§ **EXERCISE OBJECTIVE**
Write out each entry below exactly. Do not include the images.

* * *

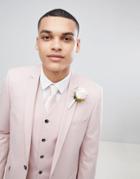 Asos Design Wedding Skinny Suit Jacket In Neutral Pink - Pink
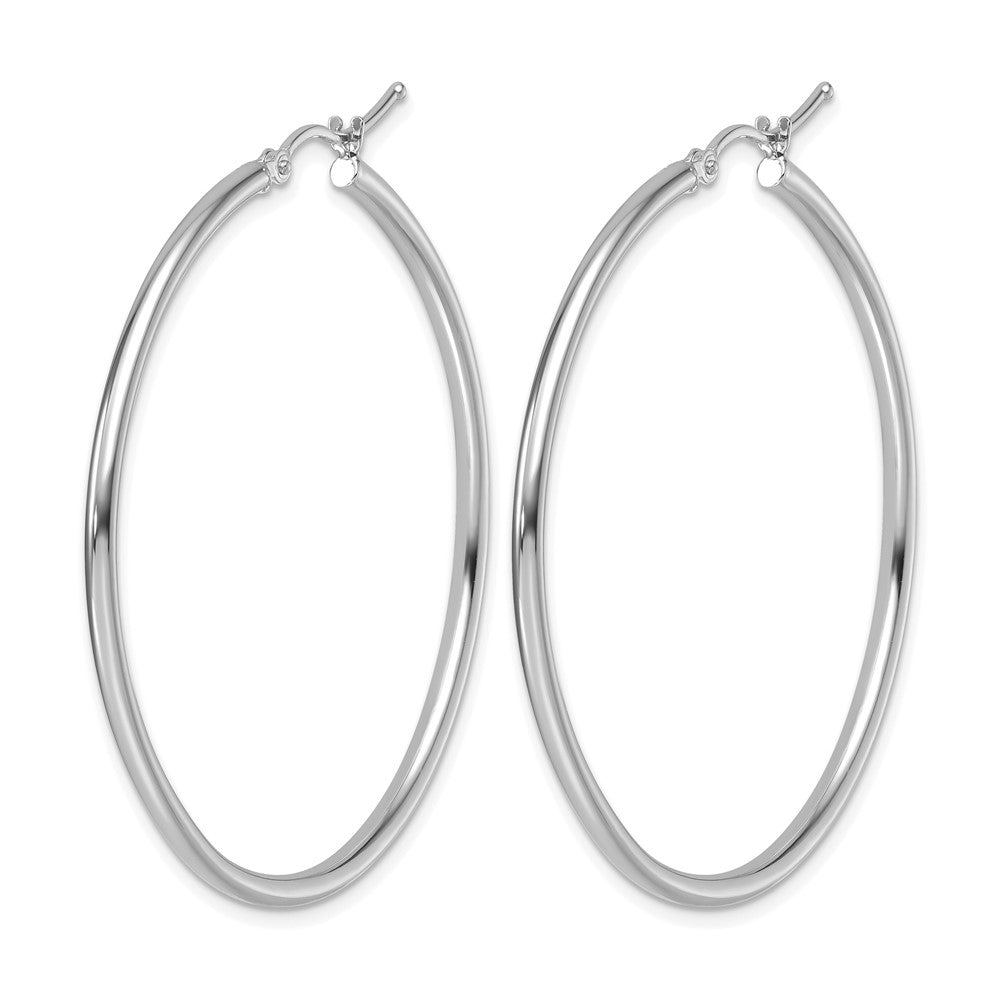14K Weißgold Poliert 2mm Creolen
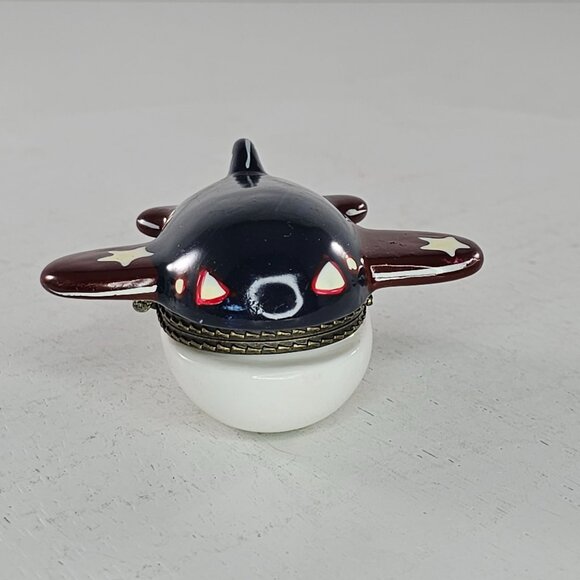 Vintage Airplane Ceramic Trinket Box With Hinged Lid Red White Blue Stars - Picture 3 of 8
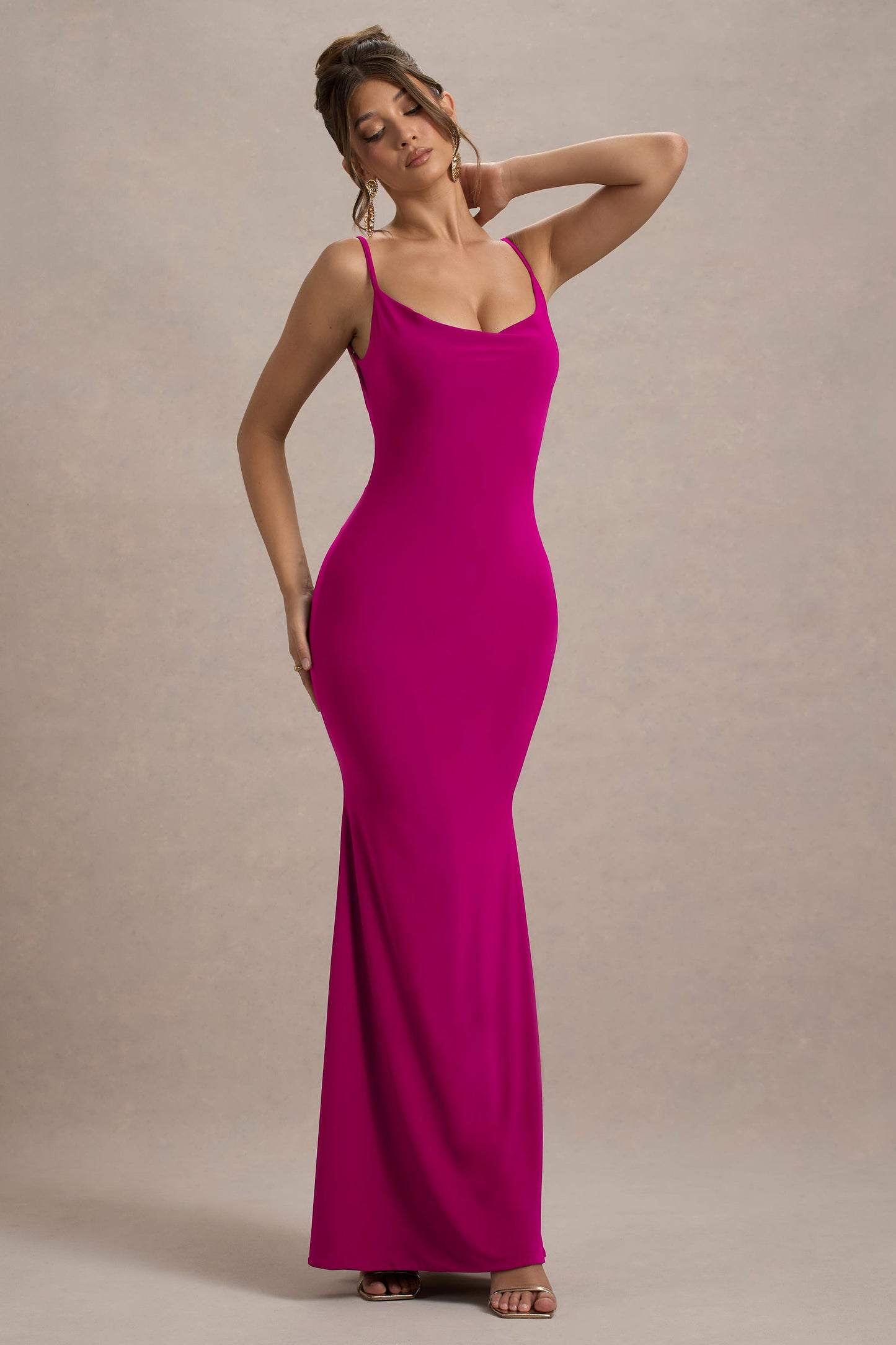 Francoise | Dark Pink Cowl Neck Backless Maxi Dress With Lace Insert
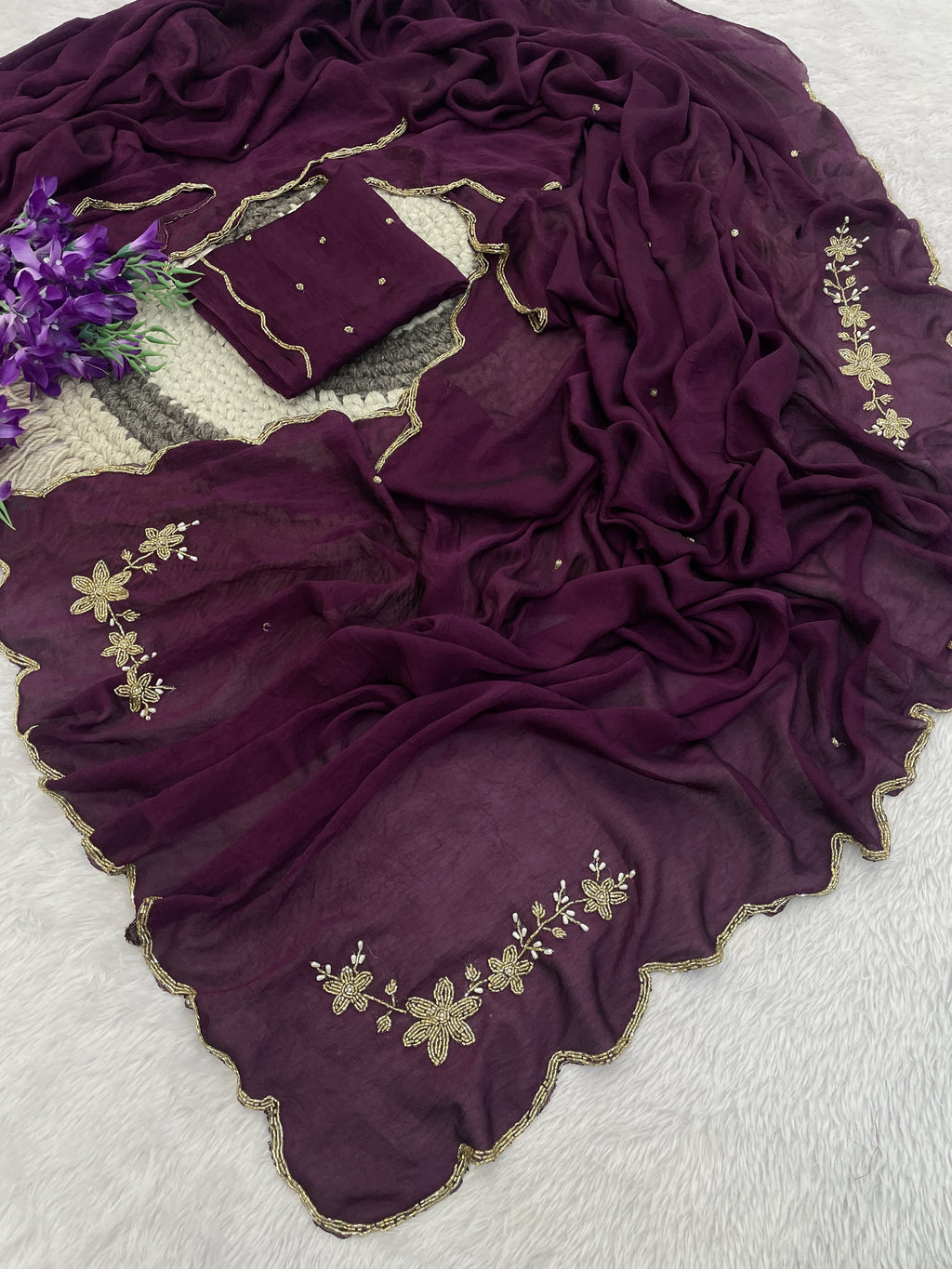 Floral Handwork Silk Saree with Gold Zari Border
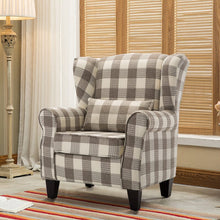 Load image into Gallery viewer, Elegant Coffee Checkered Sofa with Cushions and Walnut Legs Living and Home 
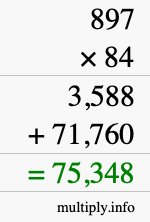 How to calculate 897 times 84 using long multiplication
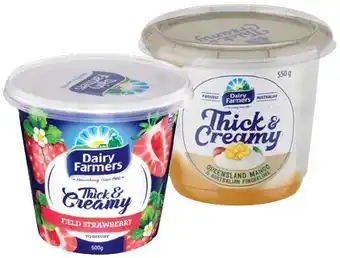 IGA Dairy farmers thick & creamy yoghurt 550‑600g selected varieties offer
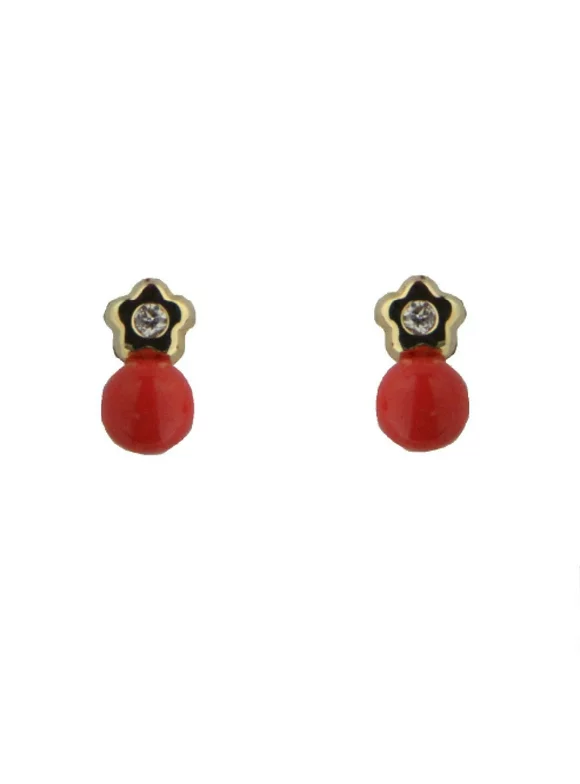 18K Yellow Gold Coral and Diamond Flower covered skewback Earrings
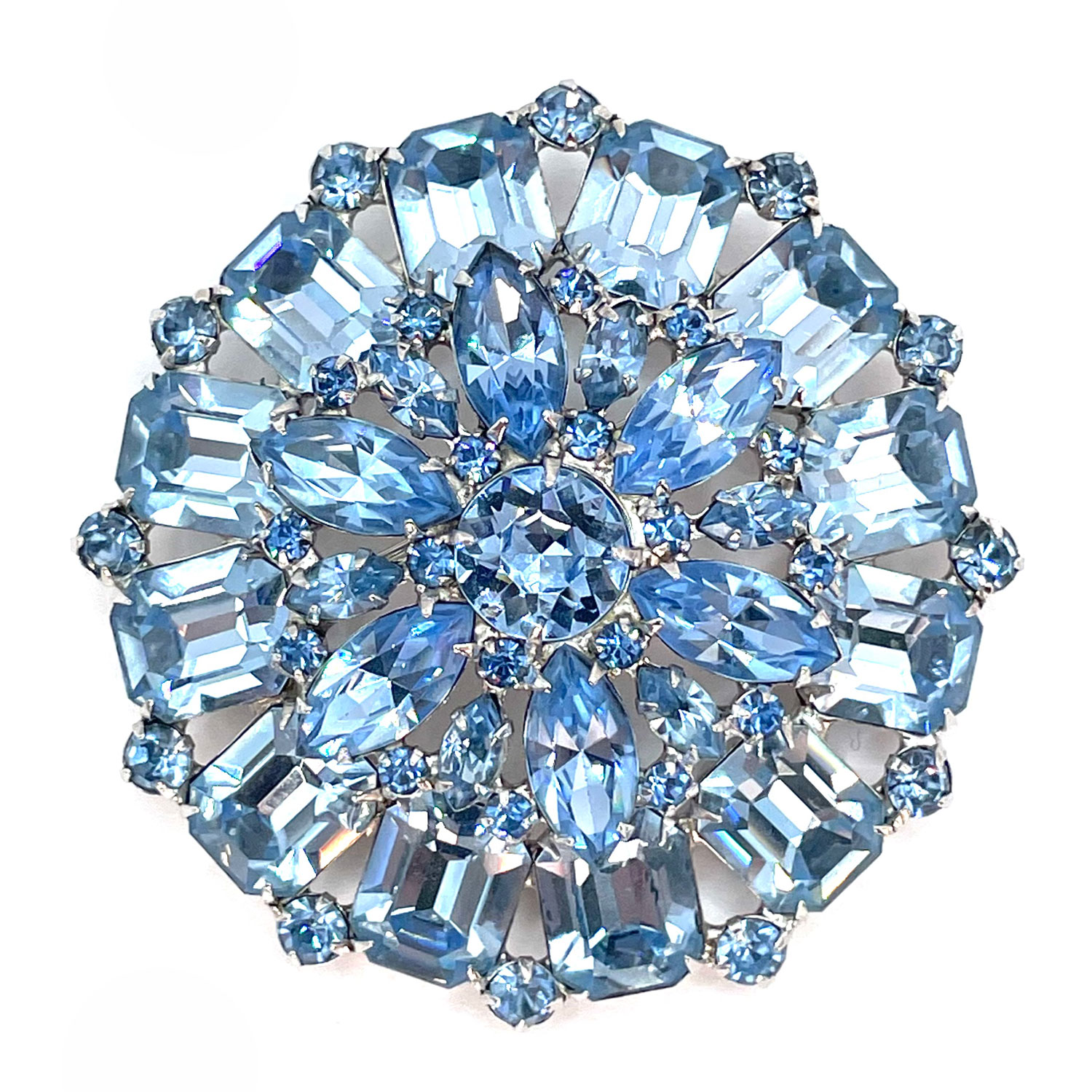 1950s blue rhinestone brooch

* * *

§ **ANSWER TO THE PROBLEM**
 Asos Design Wedding Skinny Suit Jacket In Neutral Pink - Pink
14K Weißgold Poliert 2mm Creolen
 Vintage Airplane Ceramic Trinket Box With Hinged Lid Red White Blue Stars - Picture 3 of 8
 Francoise | Dark Pink Cowl Neck Backless Maxi Dress With Lace Insert
 Floral Handwork Silk Saree with Gold Zari Border
 Load image into Gallery viewer, Elegant Coffee Checkered Sofa with Cushions and Walnut Legs Living and Home 
 How to calculate 897 times 84 using long multiplication
 IGA Dairy farmers thick & creamy yoghurt 550‑600g selected varieties offer
 18K Yellow Gold Coral and Diamond Flower covered skewback Earrings
 1950s blue rhinestone brooch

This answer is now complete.